20 July 2011

Looking for Abby

The brain which Igor is ordered to steal is labeled as belonging to "Hans Delbrück, scientist and saint". A real-life Hans Delbrück was a nineteenth-century military historian; his son Max Delbrück was a twentieth-century biochemist and Nobel laureate.

Every time Frau Blücher's name is mentioned, horses are heard whinnying as if afraid of her name. Many viewers mistakenly believe that Blücher means "glue" in German; however, Blücher is a well-known German surname. The German term for glue is der Kleber, or tierischer Leim for animal glue. Brooks suggested in a 2000 interview that he had based the joke on the erroneous translation, which he had heard from someone else.
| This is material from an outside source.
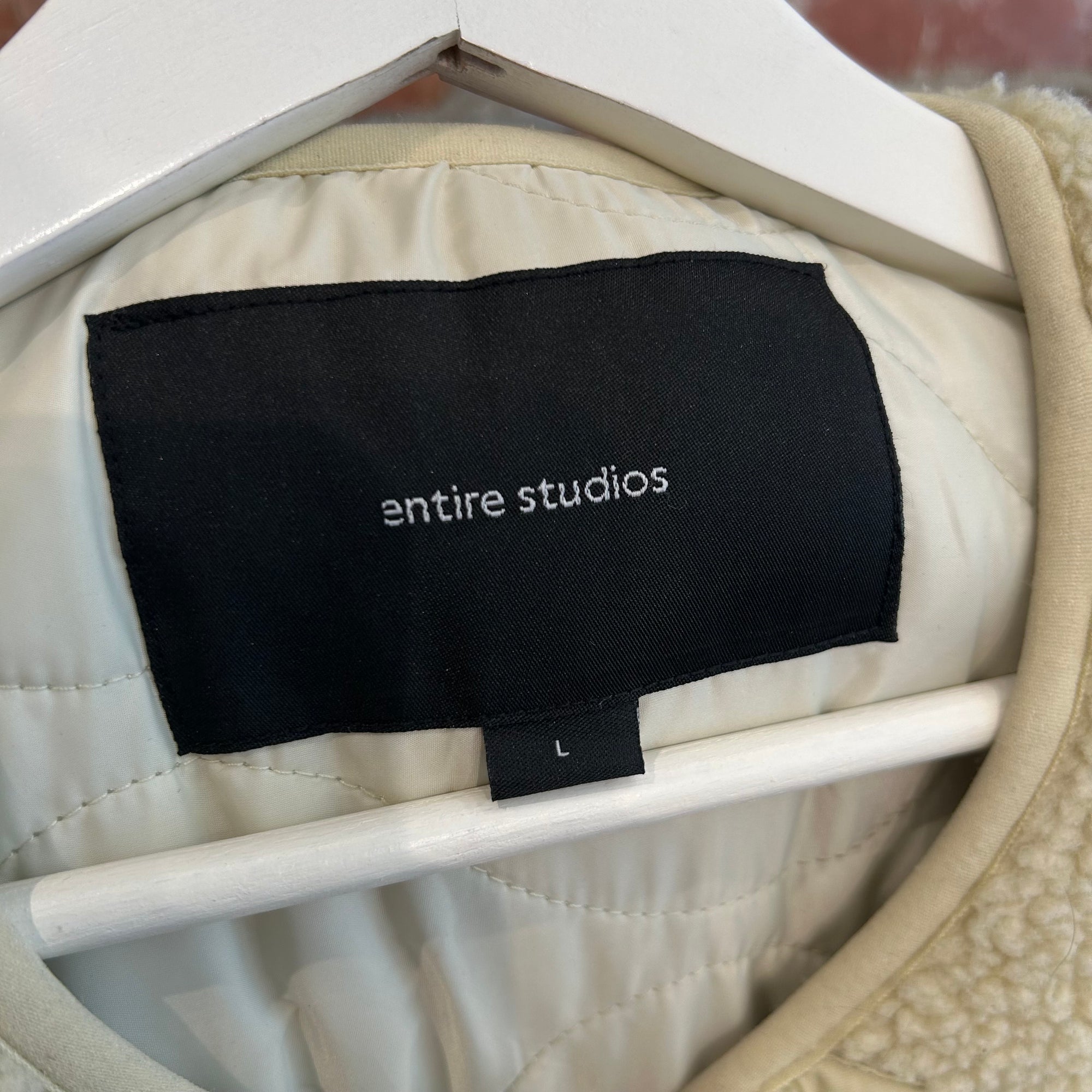 ENTIRE STUDIOS SHERPA FLEECE VEST ‘CREAM’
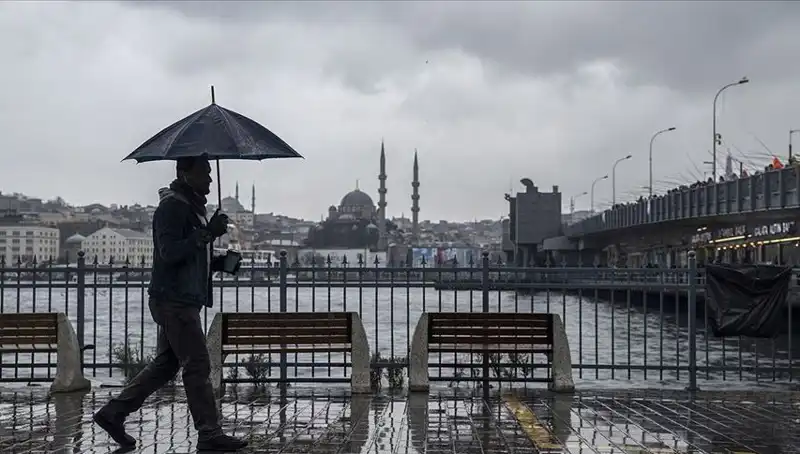 Bahar Havası Kaçtı: İstanbul'da Yağmur ve Kar Alarmı Verildi!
In an interview, Cloris Leachman said that Mel had told her that that is why he named her character Blücher.  In the audio commentary, Mel Brooks explains that the horses are whinnying to show us that Frau Blücher is an ominous character: "They're terrified of her; God only knows what she does to them when nobody else is around."
Photo via Old Hollywood.

1 comment:

  1. Hah! One of the kids' favourite films, that. The Frau Blucher gag is a favourite round here - our nine year old found last year's teacher was a fan, so there was a fair bit of silly stuff.
    Don't know if next year's teacher has the same sense of humour.

    Trouble with watching films your peers don't know is they don't get the references - our son was being bullied at school, the favourite being a rather aggressive "What have you been saying about my mother?" to which he replied "Your mother was a hampster and your father smelled of elderberries."
    Luckily a passing teacher got the gag and waded in to prevent a fight.